**EXERCISE DESCRIPTION**
Starting at the line that holds "Vector illustration of", set down each line through the end of the listing, exactly as written and with nothing added.

**LISTED RECORDS**
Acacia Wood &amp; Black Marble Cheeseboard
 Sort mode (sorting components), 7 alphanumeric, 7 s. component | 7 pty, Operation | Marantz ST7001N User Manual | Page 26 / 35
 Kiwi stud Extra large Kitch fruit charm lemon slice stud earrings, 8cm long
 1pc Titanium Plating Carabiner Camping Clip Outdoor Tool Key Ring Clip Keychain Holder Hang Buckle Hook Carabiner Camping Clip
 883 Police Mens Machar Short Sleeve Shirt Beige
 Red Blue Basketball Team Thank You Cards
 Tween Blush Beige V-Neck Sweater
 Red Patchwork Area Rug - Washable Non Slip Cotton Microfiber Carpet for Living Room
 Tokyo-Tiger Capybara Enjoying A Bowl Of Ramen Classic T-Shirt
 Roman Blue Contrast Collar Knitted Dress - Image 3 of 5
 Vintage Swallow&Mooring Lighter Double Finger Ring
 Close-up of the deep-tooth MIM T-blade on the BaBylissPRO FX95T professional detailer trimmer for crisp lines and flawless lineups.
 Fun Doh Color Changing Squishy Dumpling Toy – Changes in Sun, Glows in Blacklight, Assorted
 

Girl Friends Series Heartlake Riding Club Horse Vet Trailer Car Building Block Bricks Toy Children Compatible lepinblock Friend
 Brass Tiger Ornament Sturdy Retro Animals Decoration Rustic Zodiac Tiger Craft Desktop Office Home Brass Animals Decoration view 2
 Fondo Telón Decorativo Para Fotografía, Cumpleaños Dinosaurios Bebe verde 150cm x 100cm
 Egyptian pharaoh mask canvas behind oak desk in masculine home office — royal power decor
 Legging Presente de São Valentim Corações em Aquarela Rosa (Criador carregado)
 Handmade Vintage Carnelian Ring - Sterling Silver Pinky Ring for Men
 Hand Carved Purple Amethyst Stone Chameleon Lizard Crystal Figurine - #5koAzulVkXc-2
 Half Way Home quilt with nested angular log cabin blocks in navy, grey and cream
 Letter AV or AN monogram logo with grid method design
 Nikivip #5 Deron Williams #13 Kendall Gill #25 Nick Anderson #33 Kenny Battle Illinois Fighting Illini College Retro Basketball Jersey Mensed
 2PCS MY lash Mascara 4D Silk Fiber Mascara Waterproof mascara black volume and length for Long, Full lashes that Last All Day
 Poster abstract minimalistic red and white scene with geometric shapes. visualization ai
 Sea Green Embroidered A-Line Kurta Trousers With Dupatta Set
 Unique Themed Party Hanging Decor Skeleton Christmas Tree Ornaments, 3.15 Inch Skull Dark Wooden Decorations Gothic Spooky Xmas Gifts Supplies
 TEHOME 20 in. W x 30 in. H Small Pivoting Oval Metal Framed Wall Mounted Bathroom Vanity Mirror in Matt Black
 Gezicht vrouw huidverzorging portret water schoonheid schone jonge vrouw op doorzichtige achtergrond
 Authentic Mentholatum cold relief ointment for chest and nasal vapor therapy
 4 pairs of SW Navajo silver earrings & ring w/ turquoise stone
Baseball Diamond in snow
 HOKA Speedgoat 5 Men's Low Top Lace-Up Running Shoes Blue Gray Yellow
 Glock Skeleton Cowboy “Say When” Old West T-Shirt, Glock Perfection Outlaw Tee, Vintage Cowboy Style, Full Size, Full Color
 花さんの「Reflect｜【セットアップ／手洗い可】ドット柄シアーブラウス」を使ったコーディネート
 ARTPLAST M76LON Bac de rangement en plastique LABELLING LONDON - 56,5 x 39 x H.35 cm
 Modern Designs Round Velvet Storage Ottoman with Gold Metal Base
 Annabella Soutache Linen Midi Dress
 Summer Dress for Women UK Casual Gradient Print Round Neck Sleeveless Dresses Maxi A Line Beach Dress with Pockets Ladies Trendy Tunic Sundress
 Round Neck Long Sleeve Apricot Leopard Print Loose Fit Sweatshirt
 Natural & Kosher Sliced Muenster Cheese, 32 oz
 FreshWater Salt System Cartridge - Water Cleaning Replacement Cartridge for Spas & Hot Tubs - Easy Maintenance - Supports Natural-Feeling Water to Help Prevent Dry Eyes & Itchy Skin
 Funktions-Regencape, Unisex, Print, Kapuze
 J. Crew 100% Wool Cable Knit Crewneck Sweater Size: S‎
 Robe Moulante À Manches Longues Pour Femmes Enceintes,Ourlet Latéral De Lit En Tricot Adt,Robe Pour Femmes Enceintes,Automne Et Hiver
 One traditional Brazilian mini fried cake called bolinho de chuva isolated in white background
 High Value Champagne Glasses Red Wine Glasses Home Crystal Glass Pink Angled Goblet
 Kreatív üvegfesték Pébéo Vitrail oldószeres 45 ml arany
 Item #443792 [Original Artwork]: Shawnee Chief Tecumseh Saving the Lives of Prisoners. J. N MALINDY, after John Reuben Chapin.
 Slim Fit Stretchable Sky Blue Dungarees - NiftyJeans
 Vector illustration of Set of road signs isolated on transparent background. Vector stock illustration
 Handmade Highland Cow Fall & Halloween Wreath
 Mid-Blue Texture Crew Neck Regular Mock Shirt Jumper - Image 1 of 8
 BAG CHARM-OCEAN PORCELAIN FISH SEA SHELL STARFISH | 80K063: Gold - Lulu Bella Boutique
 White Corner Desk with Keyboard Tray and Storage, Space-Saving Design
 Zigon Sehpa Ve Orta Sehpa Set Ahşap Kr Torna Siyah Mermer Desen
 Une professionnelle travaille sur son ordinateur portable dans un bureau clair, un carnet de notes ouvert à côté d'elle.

**OUTPUT FOR THIS TASK**
 Vector illustration of Set of road signs isolated on transparent background. Vector stock illustration
 Handmade Highland Cow Fall & Halloween Wreath
 Mid-Blue Texture Crew Neck Regular Mock Shirt Jumper - Image 1 of 8
 BAG CHARM-OCEAN PORCELAIN FISH SEA SHELL STARFISH | 80K063: Gold - Lulu Bella Boutique
 White Corner Desk with Keyboard Tray and Storage, Space-Saving Design
 Zigon Sehpa Ve Orta Sehpa Set Ahşap Kr Torna Siyah Mermer Desen
 Une professionnelle travaille sur son ordinateur portable dans un bureau clair, un carnet de notes ouvert à côté d'elle.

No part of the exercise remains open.